BG: The thing about Kaepernick is that the people who were against him missed the point of what he was talking about. It was not about Black Lives Matter; it was about Black and brown people being shot on the first encounter with law enforcement. I’d argue that Kaepernick’s decision to kneel before the flag is part of a longer Black patriotic tradition, in which it is a practical choice to engage in the duty of citizenship for this country in the hope of equality. This tradition goes through Frederick Douglass, W. E. B. Du Bois, Paul Robeson, Alain Locke, James Baldwin. You look at Douglass in his Fourth of July speech wrestling with the question “Am I a citizen of this country?” And then: “If I am a citizen, am I a patriot in this country?” Dealing with that question is really the foundation of understanding what the Black patriotic tradition is; speaking out against a country one loves is also a form of patriotism. And so, I would argue that Kaepernick is a part of that.
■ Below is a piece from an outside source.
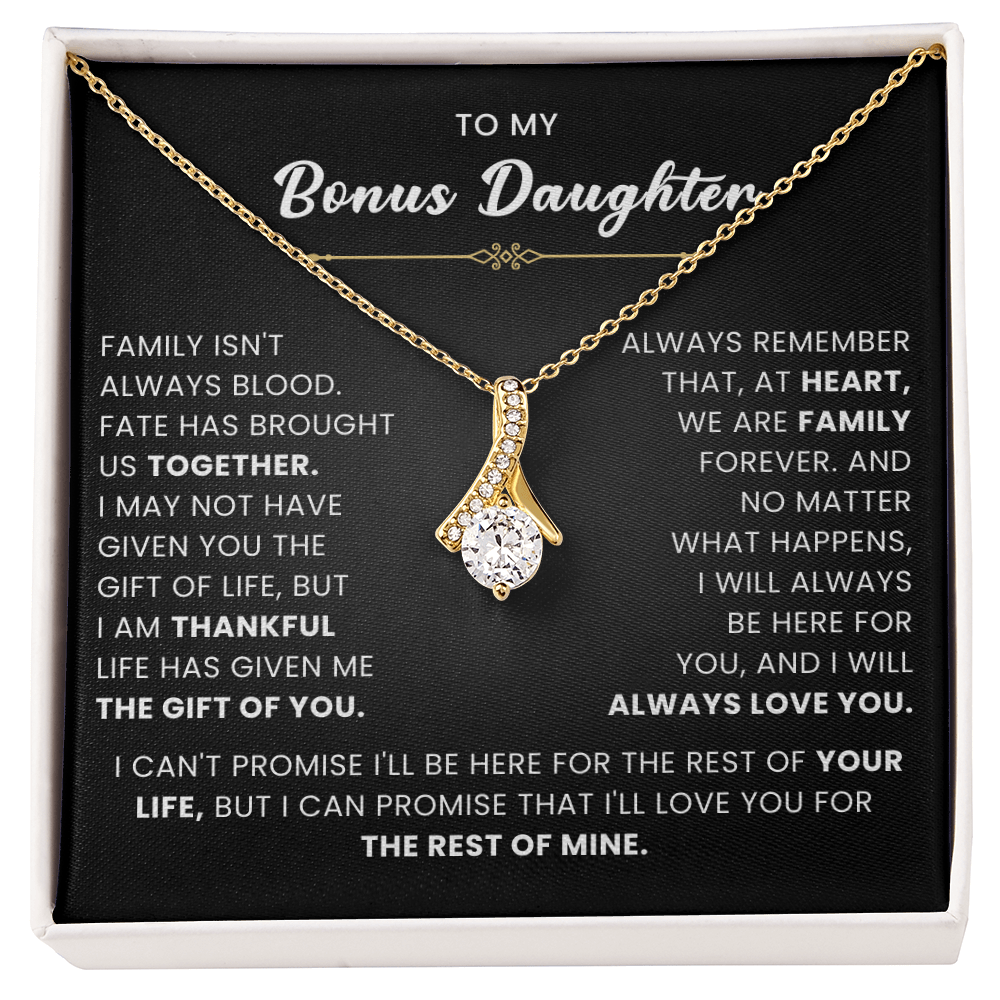 To My Bonus Daughter Necklace From Mom or Dad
He’s connecting to something that has existed for quite some time.

I would also add that the use of the flag in such forms of critical patriotism is changing. In one of my American Studies classes this semester, I asked students to go out and find American flags around town and to reflect upon how they were displayed. The results were surprising; it’s as if the battle for the American flag has moved to the lawns of the Midwest. Alongside the usual sight of a flag flying on someone’s lawn, they saw American and Confederate flags flown together and lots of Thin Blue Line flags. A student brought a photo of a truck decal featuring an American flag where the stars were represented by bullet holes and the stripes by rifles, with the motto “We, the People, are Pissed Off.” On the one hand, the Stars and Stripes flag alone is no longer a straightforward signifier of patriotism, perhaps because the government and its institutions are no longer seen as legitimate or as representing the interests of “the people” (in itself a contested concept on the right). On the other hand, it is also symbolic that disagreement with the government is no longer signaled by burning the American flag but by redesigning it, by creating new flags.
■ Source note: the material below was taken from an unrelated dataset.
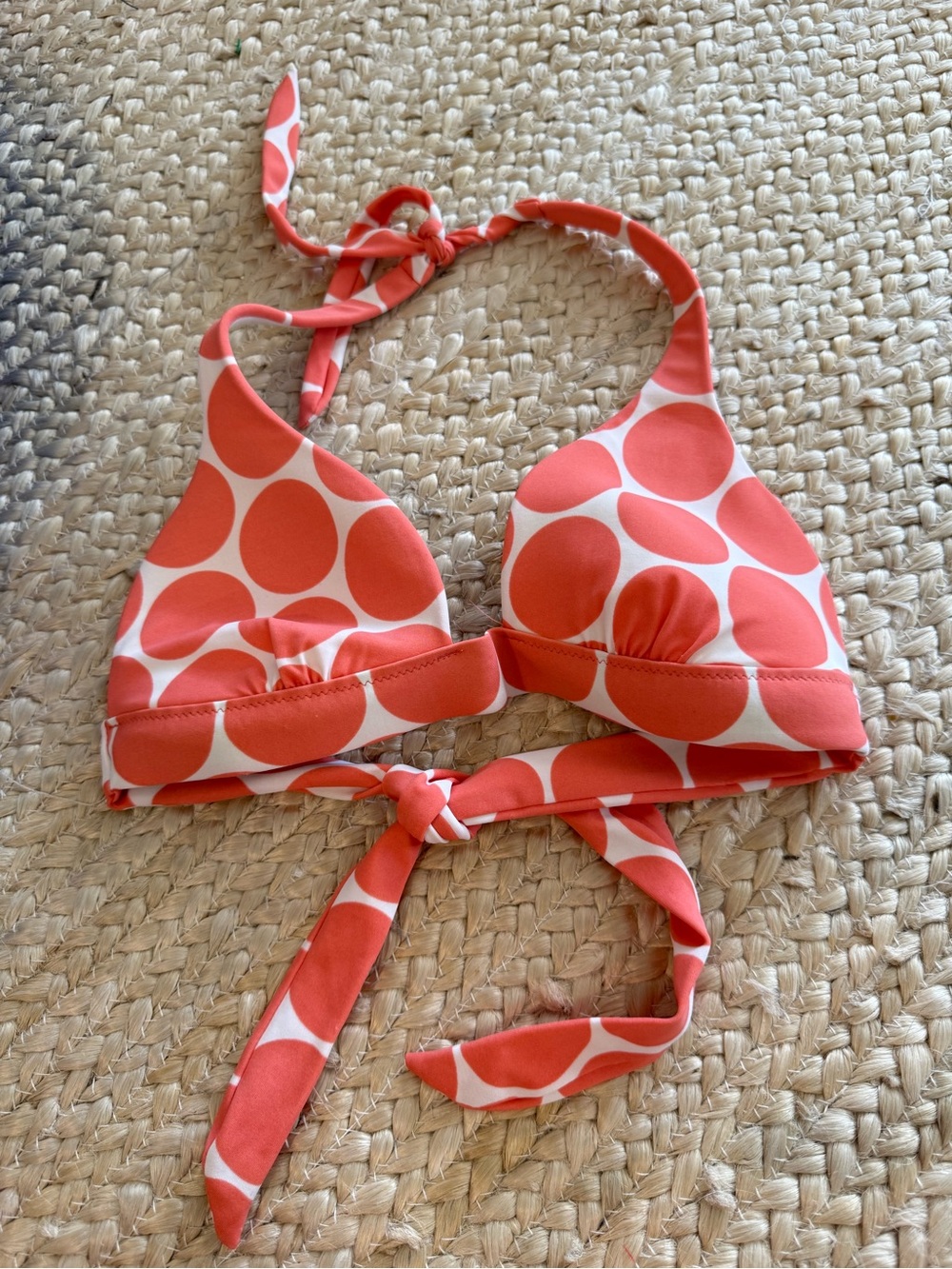 Polka Dot Coral & White Halter Bikini Top Victoria’s Secret  small
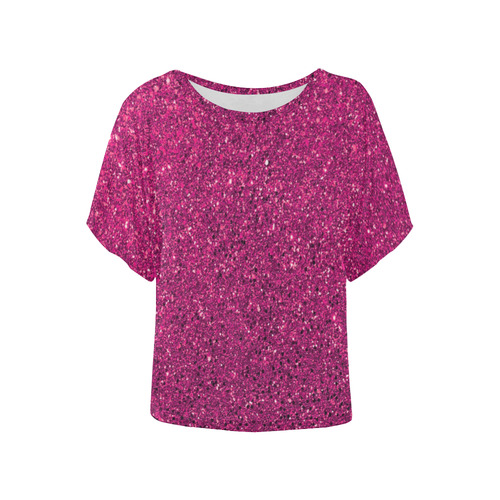 Hot Pink Glitter Women's Batwing-Sleeved Blouse T shirt (Model T44)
WT: There is a left-right dynamic there too. The radical left has a history of burning flags, most obviously during the Vietnam era but really since World War I. And now we see the radical right creating new “American” flags and co-opting older ones. The Thin Blue Line flag is a great example. It was a direct response to Black Lives Matter, developed by a white college student upset at what he saw as derogatory talk about the police. According to him, the blue line represented the police protecting the citizens (the stripes above) from the criminals (the stripes below). The flag became the symbol of Blue Lives Matter and has been adopted by far-right groups. At least one police chief has banned its use on duty, saying that it undermines the trust the department is trying to build with the community.
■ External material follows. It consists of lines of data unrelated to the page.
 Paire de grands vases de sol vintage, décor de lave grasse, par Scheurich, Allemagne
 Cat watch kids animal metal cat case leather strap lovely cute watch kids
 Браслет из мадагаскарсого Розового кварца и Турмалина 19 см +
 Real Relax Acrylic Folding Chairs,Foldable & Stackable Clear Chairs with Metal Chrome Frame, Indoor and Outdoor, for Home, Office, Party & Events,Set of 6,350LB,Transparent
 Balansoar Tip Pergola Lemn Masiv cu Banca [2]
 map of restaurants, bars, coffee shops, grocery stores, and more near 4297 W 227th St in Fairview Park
BG: I believe equating warfighters with law enforcement and ascribing them heroic status is problematic from the perspective of communities of color and, indeed, erodes trust. This is significant to understand, especially when the Thin Blue Line flag — a version of the American flag — is embraced by law enforcement and their supporters. The protests by Kaepernick and others against police shootings of Black and brown people, and the visceral response they received, show that the American flag is central to the entire discussion. The irony of the juxtaposition of the American flag — and its associated politicized and militarized imagery ­­— contrasted with suppression of free speech cannot be missed here. And now we see other groups appropriating the Thin Blue Line model; you’ve got the Thin Red Line for firefighters and the Thin Green Line for the military; in all those cases, a profession is turned into an identity. And there’s the African American flag too — in red, black, and green, the colors of African liberation.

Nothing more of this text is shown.